### Material provided
▽

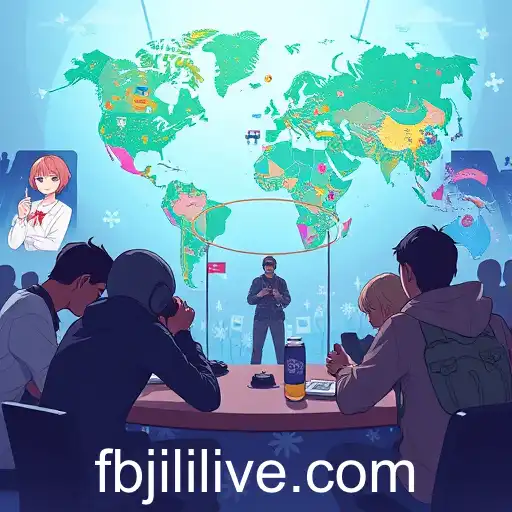 Exploring the World of Multiplayer Games: Unveiling the fbjili Phenomenon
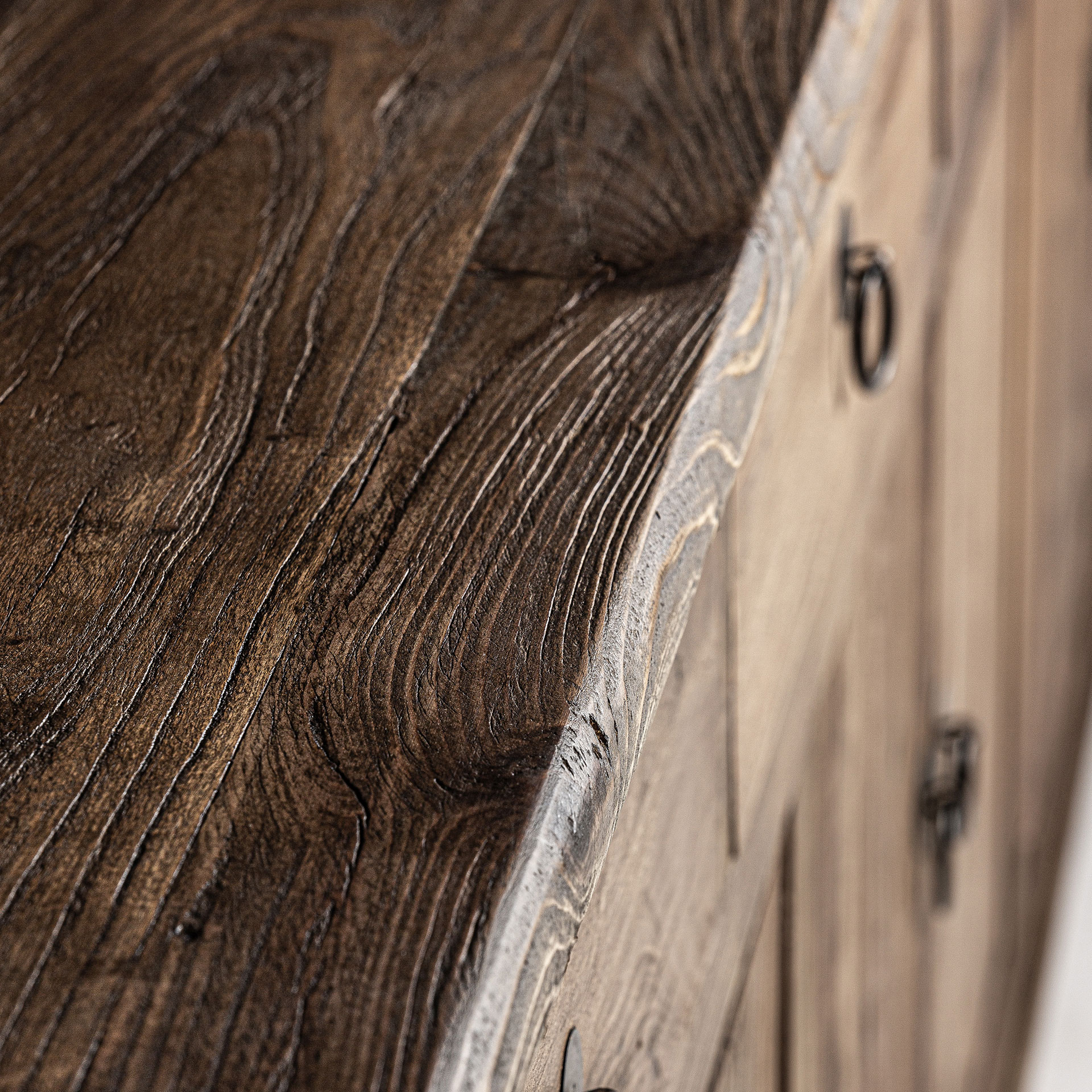 Буфет TUAM Vical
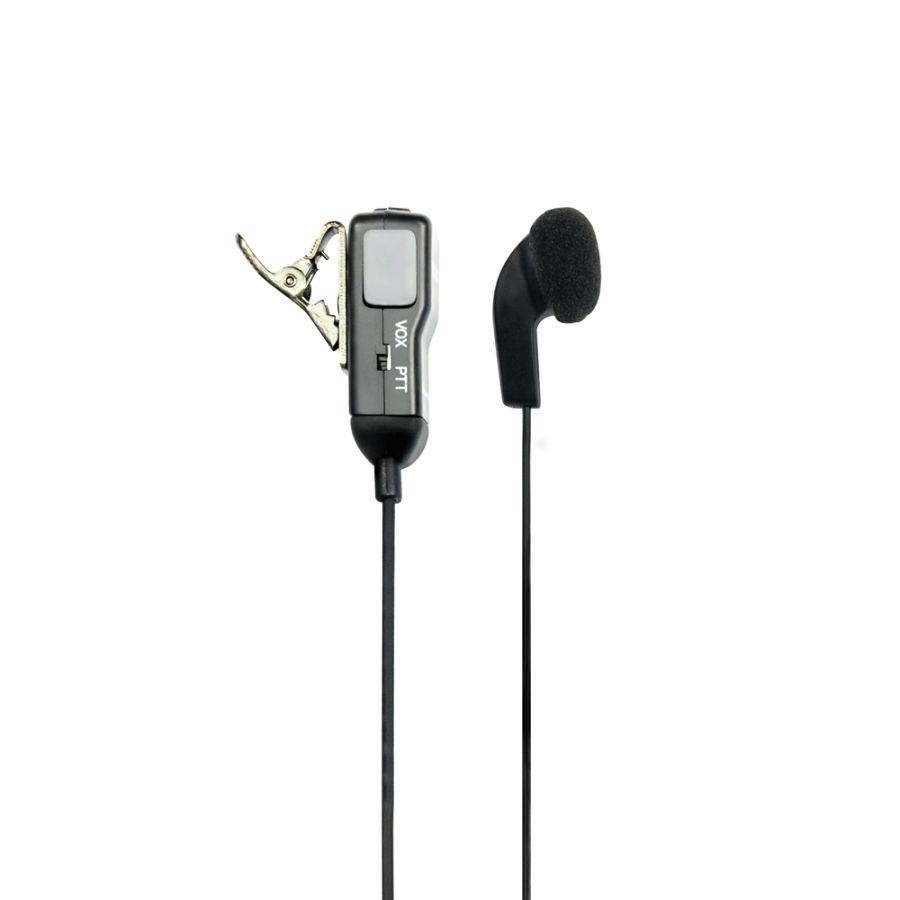 MA28-L  Microphone 2 Pin Midland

△

### Action item
Retype the whole listing exactly and leave the pictures out.

### Exercise output
 Exploring the World of Multiplayer Games: Unveiling the fbjili Phenomenon
 Буфет TUAM Vical
 MA28-L  Microphone 2 Pin Midland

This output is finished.